Combing this with any number of other recent media abominations, such as:
The New York Times’ series of recent editorials attempting to blame right-wing extremists for the Giffords shooting, even going so far as to misrepresent President Obama himself as a supporter of their crusade, when in fact, he admonished it.
The widespread attempt of the media to make an issue of Sarah Palin using the phrase “blood libel,” when James Taranto of the Wall Street Journal easily demonstrated that many of these same people have used the phrase liberally for years, and never thought anything was wrong with it until it passed through Sarah Palin’s lips.
The recent polls showing that the public is not buying any of this, and in fact, clearly sees that the media was attempting to exploit the tragedy to score partisan points for the side it favors.
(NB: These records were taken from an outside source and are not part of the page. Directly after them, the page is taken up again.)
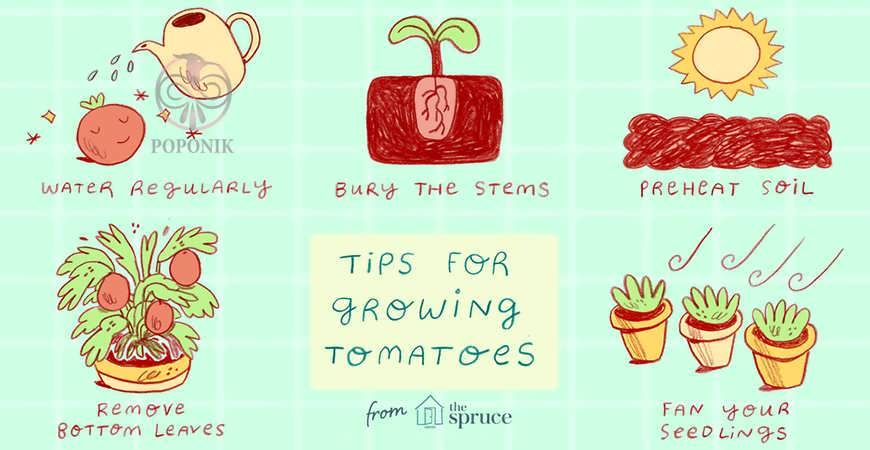 ده نکته برای رشد گوجه فرنگی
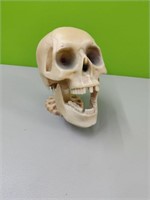 Scary Skull. Motion Activated  Mouth Opens &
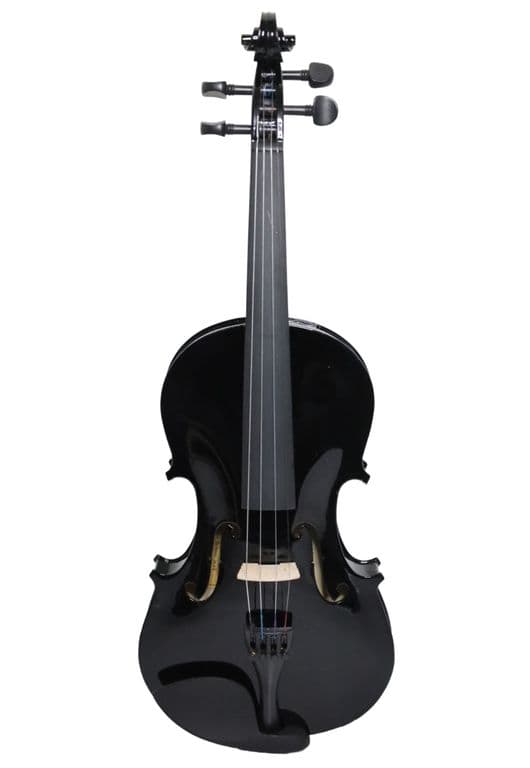 Violin Color Negro 4/4 LIV-20BK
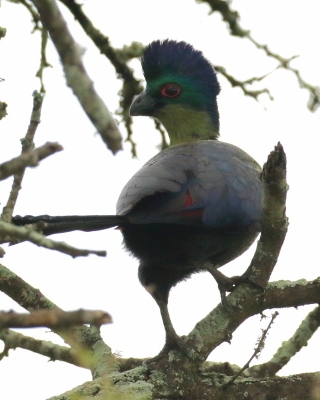 Turak rdzawy - Gallirex porphyreolophus - Purple-crested Turaco
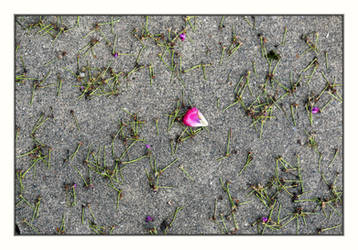 Fallen petal. L1330543, with story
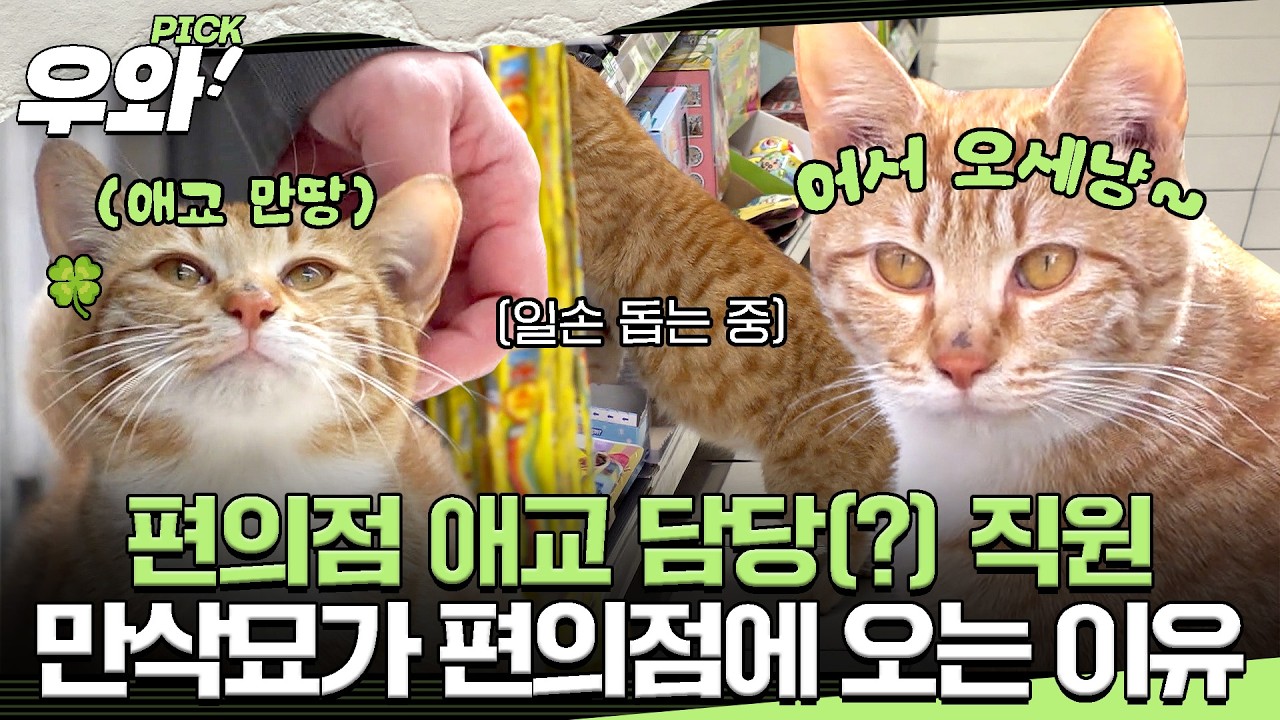 [⭐‍️#우와픽] 편의점에서 일손 돕는(?) 만삭 고양이! 냥이의 위험천만 출산기🍼 #TV동물농장 #우와한비디오 #우와비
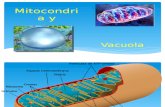 Mitocondria y Vacuola
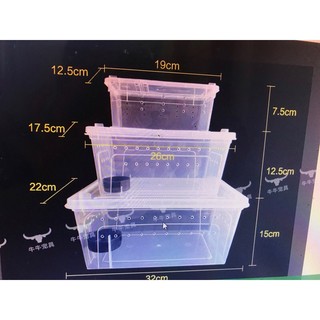 Hộp nuôi bò sát, hộp nuôi côn trùng, hộp nuôi thú cưng petstore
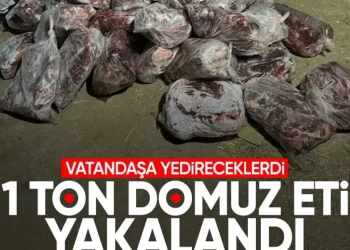 تركيا..ضبط طن لحوم خنزير في أيدين!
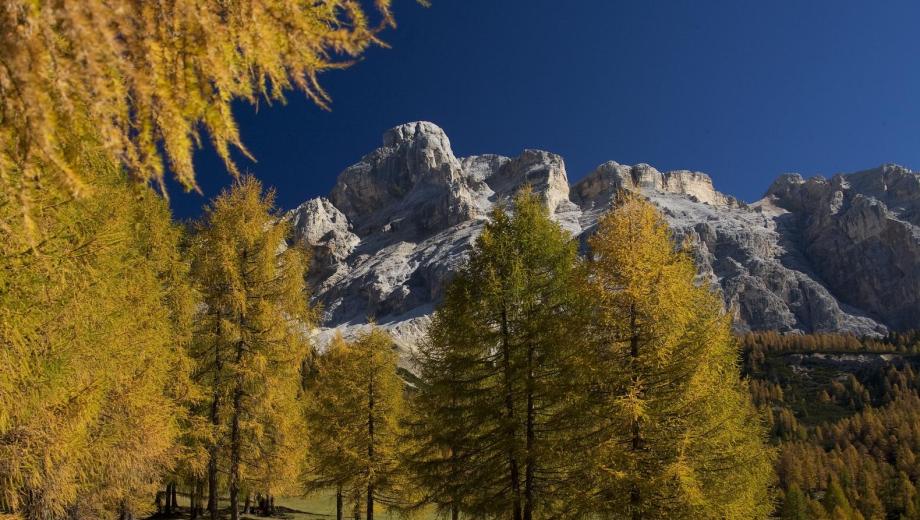 Autumn in South Tyrol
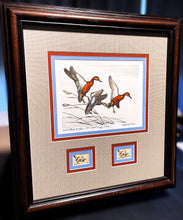 Load image into Gallery viewer, Maynard Reece 1971 Federal Duck Stamp Print First Edition Artist Proof With Double Stamps - Brand New Super Custom Sporting Frame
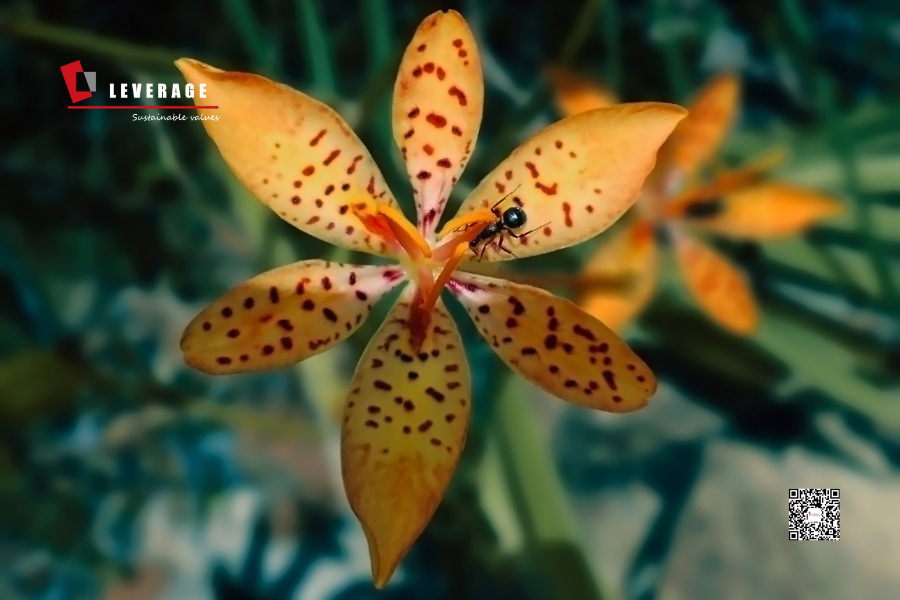 SA8000:2026标准转版:企业如何在新挑战中脱颖而出 SA8000:2026标准转版:企业如何在新挑战中脱颖而出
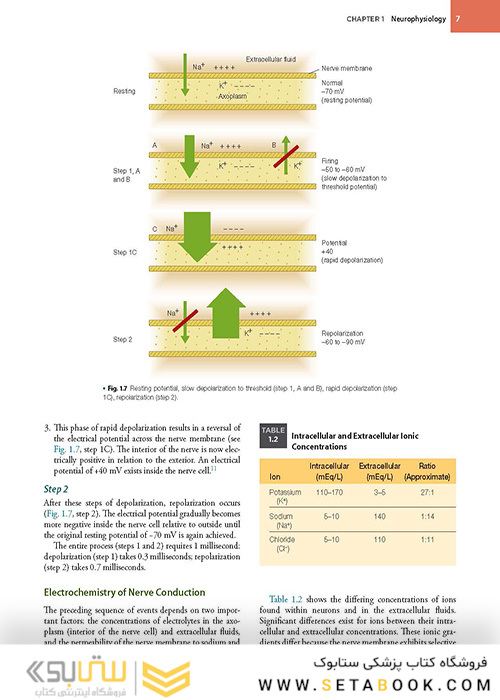 Handbook of Local Anesthesia 7th ed. Edition 2020 کتاب راهنمای بی حسی موضعی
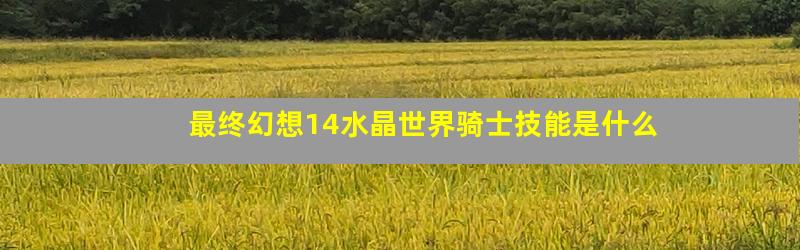 最终幻想14水晶世界骑士技能是什么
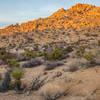 Lost Palms Oasis Trail / Cottonwood Spring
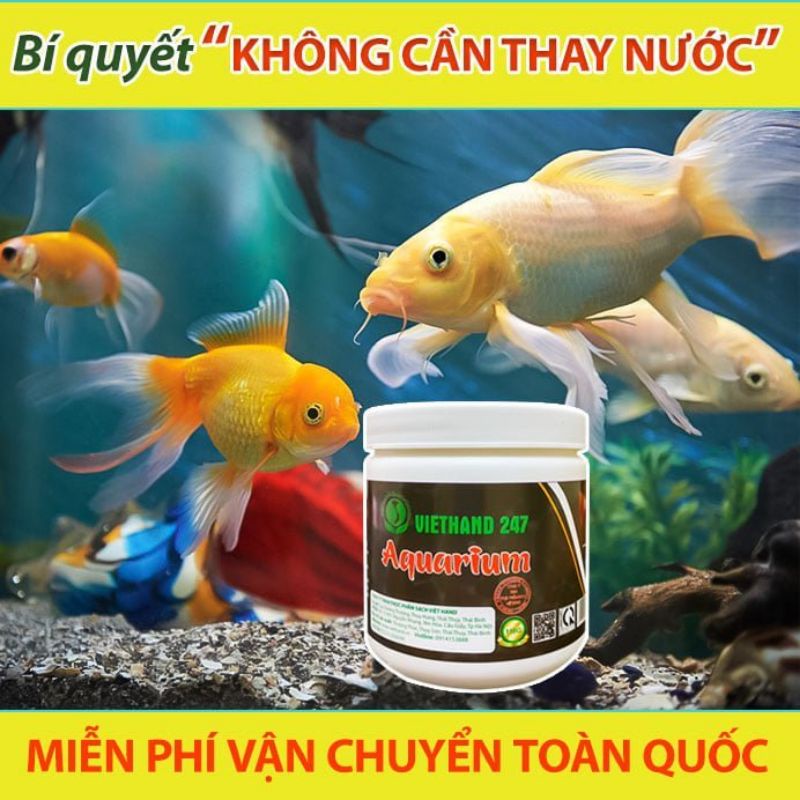 Vi Sinh Cho Cá Cảnh AQUARIUM VIETHAND247/ Nước trong cá khỏe/ Giảm mùi hôi tanh/ 4-5 tháng không phải thay nước 150gam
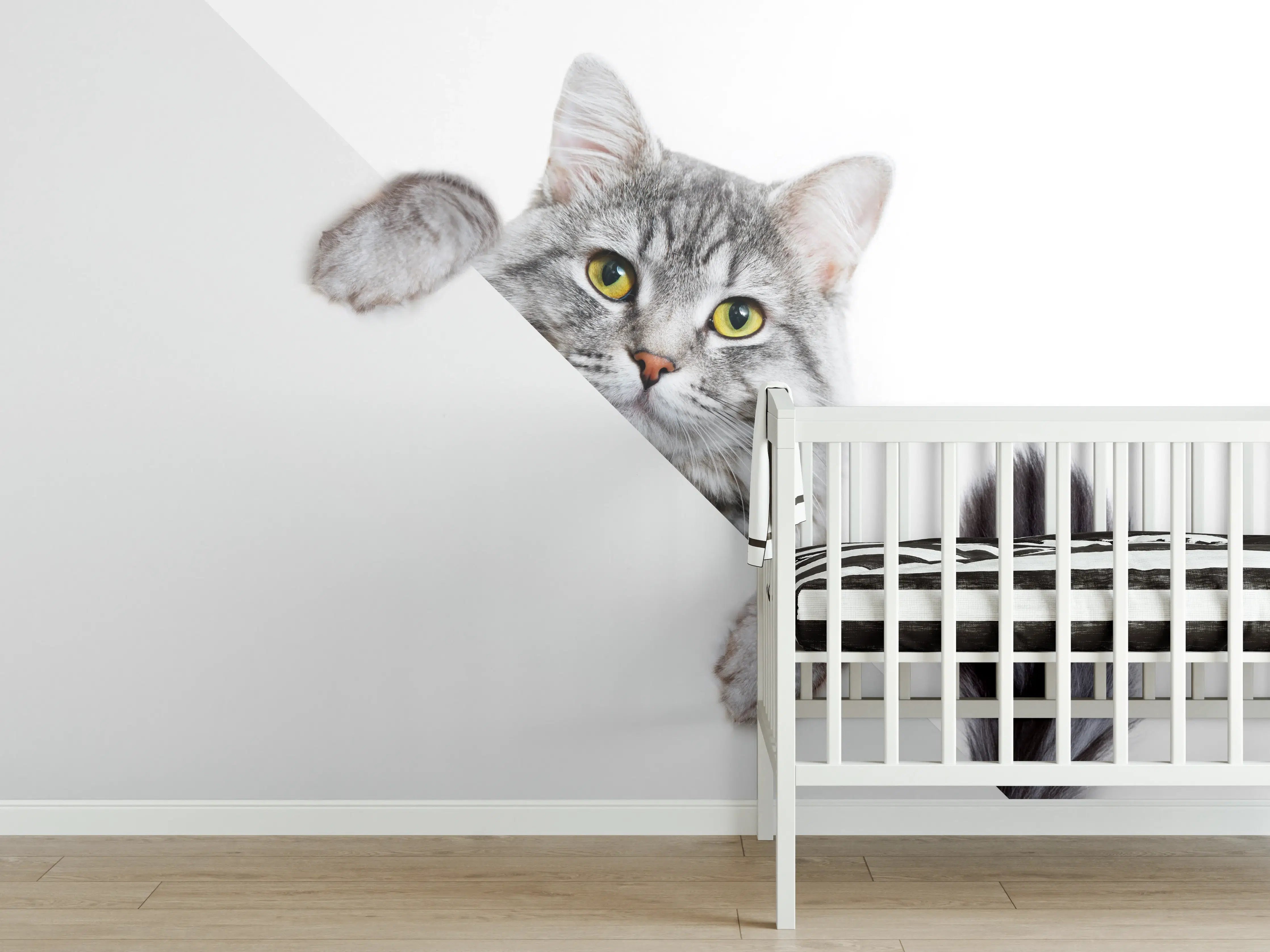 Babyzimmer Wandgestaltung - Getigertes Kätzchen
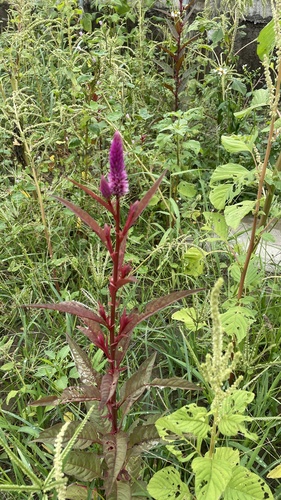 Celosia argentea observed 2026-10-25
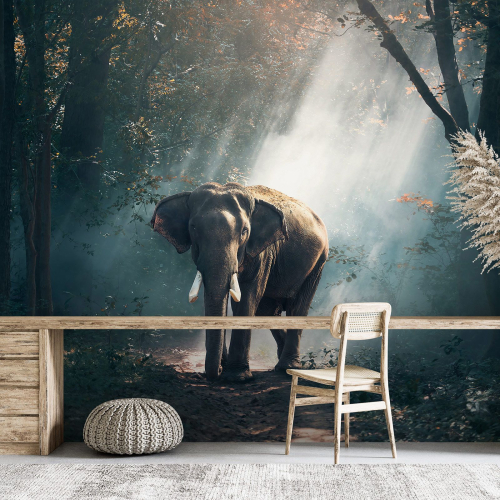 Papier peint panoramique - Éléphant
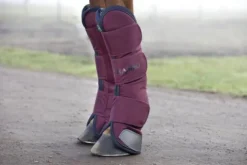 Online Guêtres de transport - Horseware - haute qualité Guêtres De Transport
As Jonah Goldberg pointed out so brilliantly in the New York Post over the weekend, for all their talk about how a “national conversation” had begun on the subject of political civility, the fact was that the media were merely having this conversation with themselves. No one was joining them, because the whole thing was a sham from the beginning and everyone could see that.
The public’s growing awareness of the media’s dishonesty couldn’t come at a worse time for these dinosaur institutions. Many of them are bleeding cash, closing news bureaus and laying off reporters left and right while they continue to maintain operations that reflect the news realities of 40 years ago, not today. It wasn’t long ago that many newspapers bought shiny new printing presses, convinced that clearer, crisper color in their front-page photos would save them. Today, they are shutting down these presses even as they continue to make payments on them. They continue to run delivery trucks and pay drivers, even as people get their news online long before the trucks ever arrive with their already-outdated news.
Attempts to replace breaking news coverage with “analysis” results in the sort of BS pumped out by the reporters referenced above.
National Public Radio is in real danger of losing its federal funding, because no one is intimidated this time by the Big Bird arguments, and no one seriously believes that a nation awash in so much information 24/7 needs a publicly funded source of liberal propaganda.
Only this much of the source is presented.